Next week is World Antibiotics Awareness Week (November 14 to 18), which reminds us all how valuable these medicines are and how important it is that we only use them when necessary.
When we get very ill, antibiotics can be life-savers, for example against meningitis, and they can help us fight kidney infections, pneumonia and other serious illnesses. They also help make chemotherapy more effective for cancer patients.

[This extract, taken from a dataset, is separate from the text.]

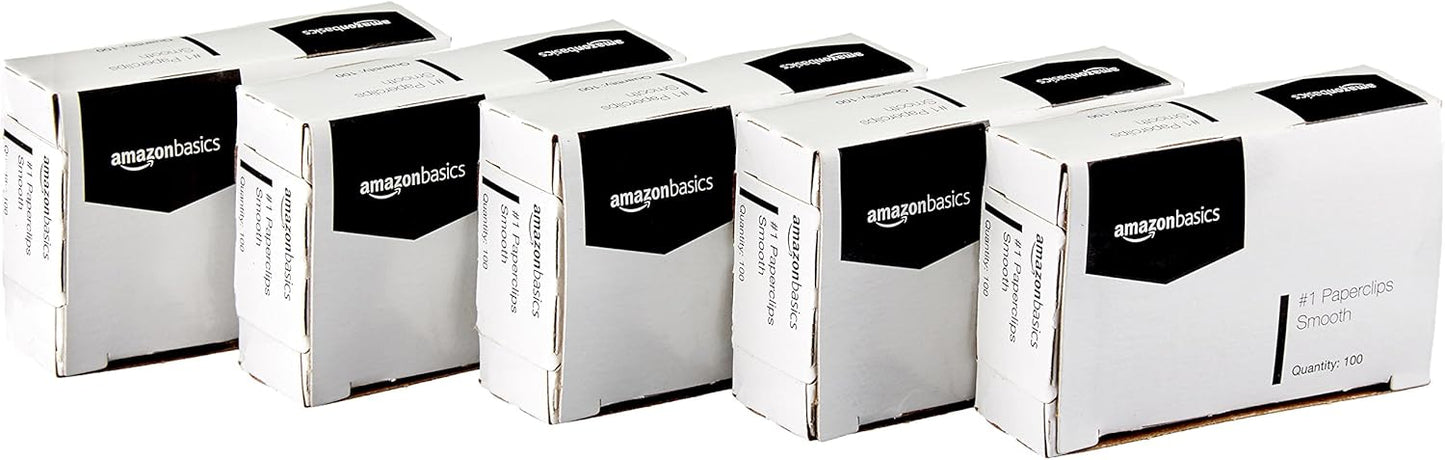 Amazon Basics No. 1 Paper Clips, Smooth, 1000 Count (10 Pack of 100), Silver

However, if we over-use them, the bugs they treat build up a resistance to them, which means they won’t work for us when we really need them to.
At this time of year, many of us get coughs, colds and tummy bugs, which can make us feel dreadful. Children are particularly susceptible to them when they mix with other youngsters at school or nursery. But antibiotics may not be the answer – because they do not work against viruses, which are the main cause of common winter illnesses. In fact, they can make things worse and have unpleasant side effects such as vomiting, diarrhoea and rashes.
So please, if you or your child falls victim to a winter virus, do not visit your GP expecting a prescription for antibiotics, as these may not be the most suitable treatment. Instead, drink plenty of fluids and rest at home. You can ask a pharmacist for advice on common symptoms like sore throats, high temperature and runny noses.
When deciding whether or not you should see your doctor, it’s worth bearing in mind the average duration of common winter illnesses; you can expect an ear infection to last four days, a sore throat up to seven days, a common cold or flu 10 days, and a cough or bronchitis up to three weeks.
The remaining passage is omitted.